When you copy the material below, keep every line exact and drop the pictures.

*** Data

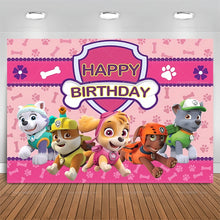 Lade das Bild in den Galerie-Viewer, Pinke Paw Patrol Happy Birthday Poster Banner mit Skye und Everest Motiven
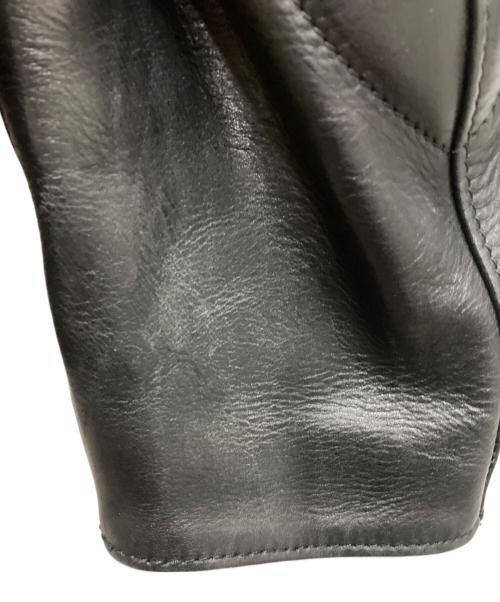 dunhill（ダンヒル）dunhill (ダンヒル) デューク・スリムフィット・カウハイド・レザージャケット ブラック サイズ:Ⅿの古着・服飾アイテム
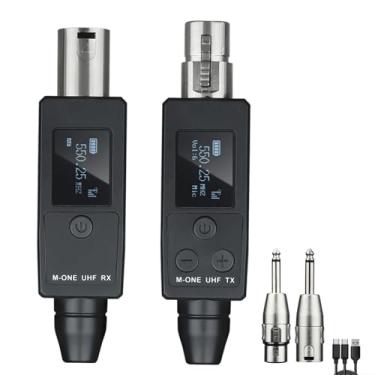 Imagem de SENHEIDESHI Sistema receptor transmissor de microfone sem fio, transmissor e receptor XLR UHF sem fio para microfone dinâmico, alcance de 29,9 m a 50 m, 20 canais, receptor de guitarra para mixer de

******

• **Response for this exercise**
 Lade das Bild in den Galerie-Viewer, Pinke Paw Patrol Happy Birthday Poster Banner mit Skye und Everest Motiven
 dunhill（ダンヒル）dunhill (ダンヒル) デューク・スリムフィット・カウハイド・レザージャケット ブラック サイズ:Ⅿの古着・服飾アイテム
 Imagem de SENHEIDESHI Sistema receptor transmissor de microfone sem fio, transmissor e receptor XLR UHF sem fio para microfone dinâmico, alcance de 29,9 m a 50 m, 20 canais, receptor de guitarra para mixer de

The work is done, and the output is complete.